I’ve written a lot about the many joys of life with Shanti. Here, however, are a few of the hard truths you should know before acquiring a parrot.
1. You don’t own a tropical forest. You can no more simulate a parrot’s native habitat in your home than you could simulate a European vacation by putting a human being in a dungeon on the moon and giving her a plastic replica of Big Ben.
2. You don’t socialize with hundreds of other parrots. A parrot in the wild spends its entire life among its flock. Parrots are highly social animals and are never alone in nature. Never.
3. Although the importation of wild parrots to the US and Europe is outlawed (a good thing), domestic breeding of parrots is widespread and millions of parrots have been raised for sale as pets. Breeders profit from producing and distributing parrots even though they know the birds will inevitably end up in inadequate—if not horrific and abusive—conditions.
4. Breeder parrots have a horrible existence. They are confined for life, in isolation, often in darkness, with only one other bird. The pair is coerced into copulating and mass-producing as many offspring as possible. If they fail to perform optimally as baby-parrot factories, they are killed.
5. Any parrot you buy in the US or Europe will have been stolen at birth from its parents, who are devastated by the loss.
6. Any parrot you buy from a breeder will have been deprived of even minimal parental care and nurturing. Mine was taken from his parents before he opened his eyes. This practice is promoted to the public as “hand-feeding,” a technique that is supposed to produce happier, better-adjusted, less aggressive parrots.
7. Parrots don’t like living being locked-down indoors, dependent on the schedule, moods, whims, health and stability (or lack thereof) of their human companions. They like living in a cage about as much as you and I would.
8. The essence of a bird’s life is flight. Even if you refrain from clipping your bird’s wings and build her a beautiful aviary, you can never re-create the freedom of flight in her natural habitat.
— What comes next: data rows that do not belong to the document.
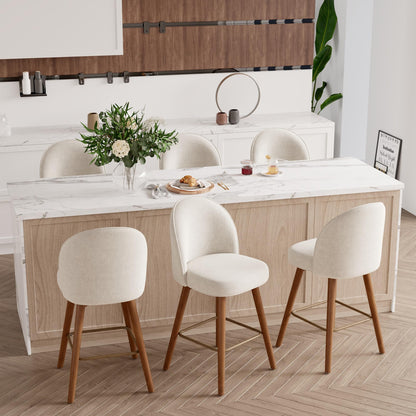 Daluvenix Modern Swivel Bar Stools Set of 3, Chic Upholstered Counter Height（26IN） Bar Chair with Back, Solid Wood Legs and Footrest, Comfortable Chenille Bar Stool for Kitchen Island, Cream White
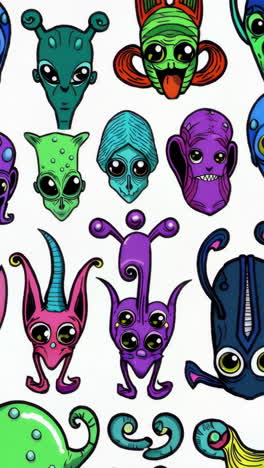 whimsical cartoon aliens and monsters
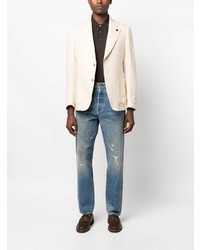 Мужской бежевый хлопковый пиджак от Lardini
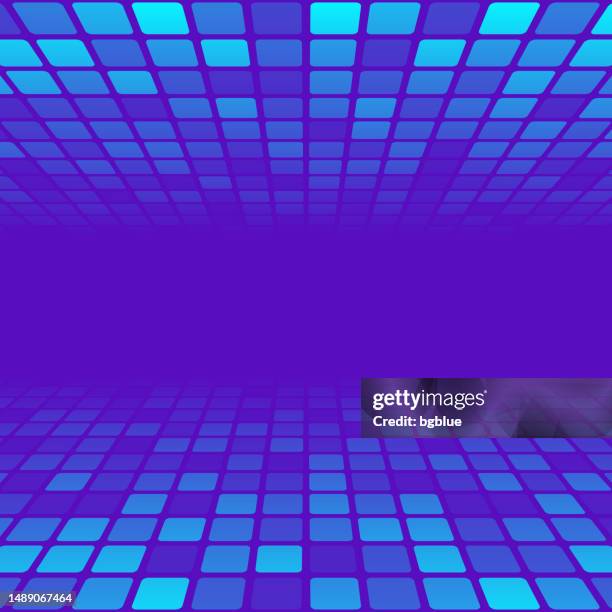 mosaic with squares and blue gradient - trendy 3d background - clubbing stock illustrations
9. Your captive parrot will never do what s/he was designed to do: find a lover, mate and raise babies. S/he will be celibate and alone from birth to death, which might be fifty years or more. No love, no sex, no parenting, no descendants.
10. In its fifty-year lifespan, your parrot is almost certain to pass through several human hands. Your best-laid plans for his/her welfare are nonenforceable by law and likely to be blithely violated by future “owners” of your parrot. Your parrot has no rights, no legal protection and will have to be extremely lucky to avoid abuse and abandonment.
If you must get a parrot, take the high and hard road. Adopt one that already been abused, abandoned or rescued.
If you’re like me and found out the truth too late, or knew it and went ahead anyway, love and cherish your parrot forever.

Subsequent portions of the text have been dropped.